Figure 4: Histogram of the computational index (CI) of microcontrollers

Embedded Computer Systems

This work defines embedded computer systems as a subset of computer systems, where a device was designed for a specific purpose in contrast to general purpose computers—such as personal computers. These systems are used in many aspects of modern life—for instance, networking (e.g., routers), home assistants (e.g., Amazon Alexa Echo or Google Home), mobile phones, single board computers (e.g., Raspberry Pi), and robotics.

On this site, the computational resources of 2326 state-of-the-art embedded computer systems (obtained from [3]) are shown in Figure 5 and 6. The data can be downloaded here.

Figure 5 shows a scatterplot of the memory index (MI) and processing index (PI) values. Figure 6 shows a histogram of the computational index (CI) values. Based on the presented data, it can be seen that the majority of embedded computer systems (99.4 %) are weakly-constrained.

Figure 5: Scatterplot of memory index (MI) and processing index (PI) values of 2326 embedded computer systems. Green and yellow indicate weakly- and severely-constrained devices, respectively.
Figure 6: Histogram of the computational index (CI) of embedded computer systems

Discussion

When comparing the presented systems, it can be seen in Figure 7 that sensor nodes tend to provide the fewest resources. As indicated in Figure~7 (top), this could stem from lower operation frequency (i.e., lower power consumption). It is not surprising that both—MCUs and sensor nodes—populate a similar region as sensor nodes are often MCU-based.
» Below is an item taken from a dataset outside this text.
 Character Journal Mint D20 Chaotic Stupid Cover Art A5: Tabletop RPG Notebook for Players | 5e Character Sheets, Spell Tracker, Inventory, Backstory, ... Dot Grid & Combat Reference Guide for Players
While the populated regions of all types have a fluent transition when considering PI (Figure 7 [top]), it can be seen that MI (Figure 7 [right]) and CI (Figure 8) show two distinct regions similar to the list of robots (black). As described in the manuscript, this probably stems from the deployment of two different technologies (integrated and discrete components). Furthermore, it is interesting to see that the threshold separating severely-constrained and weakly-constrained robots can also be applied to the presented computer systems.
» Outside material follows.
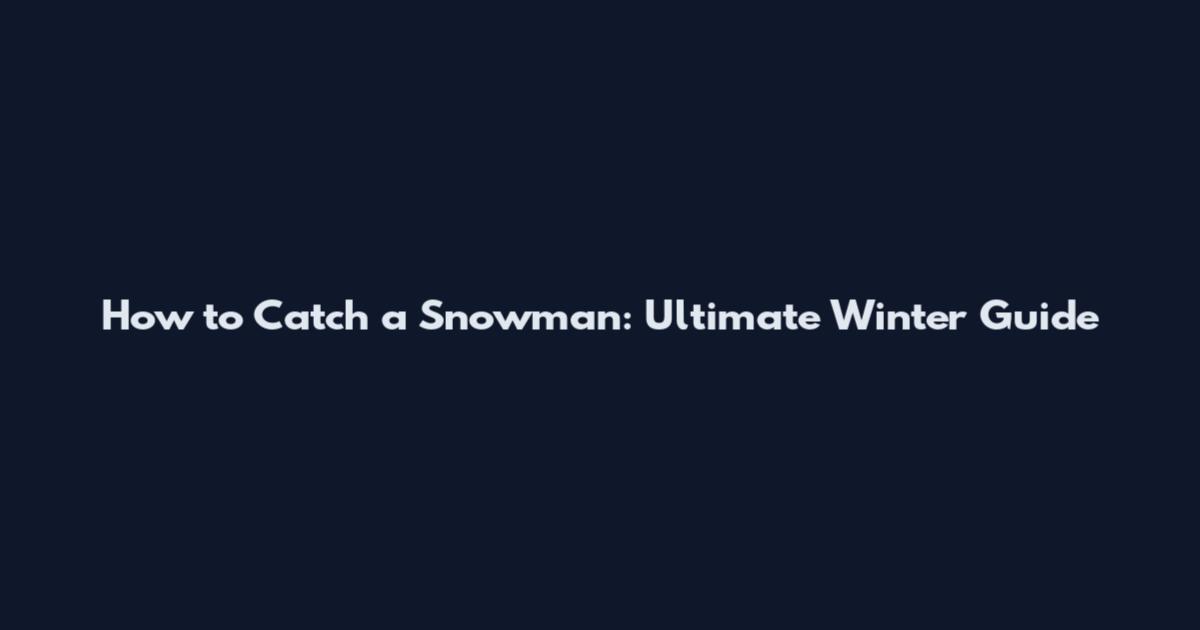 How to Catch a Snowman: Ultimate Winter Guide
Figure 7: The memory index (MI) and processing index (PI) values of 5258 devices. The devices are the 31 presented robots (black), 2768 microprocessors (red), 133 sensor nodes (green), and 2326 embedded computer systems (blue). The scatter plot (left bottom) shows the distribution of the devices and highlights the threshold between severely-constrained (i.e., C1) and weakly-constrained devices (i.e., C2). The top and the right plots are histograms of PI and MI, respectively.
Figure 8: Histogram of the computational index (CI) values of 5258 devices including robots (black), sensor nodes (green), microcontrollers (red), and embedded computer systems (blue).

References

[1] Wikimedia Foundation (2019). ‘List of common wireless sensor nodes.’ https://en.wikipedia.org/wiki/List_of_wireless_sensor_nodes. Accessed on: 17-February-2019.

[2] M. Rubenstein, C. Ahler, and R. Nagpal (2012). ‘Kilobot: A Low Cost Scalable Robot System for Collective Behaviors.’ In ‘Proc. 2012 IEEE Int. Conf. Robotics and Autom. (ICRA 2012),’ (pp. 3293–3298). Piscataway, NJ: IEEE.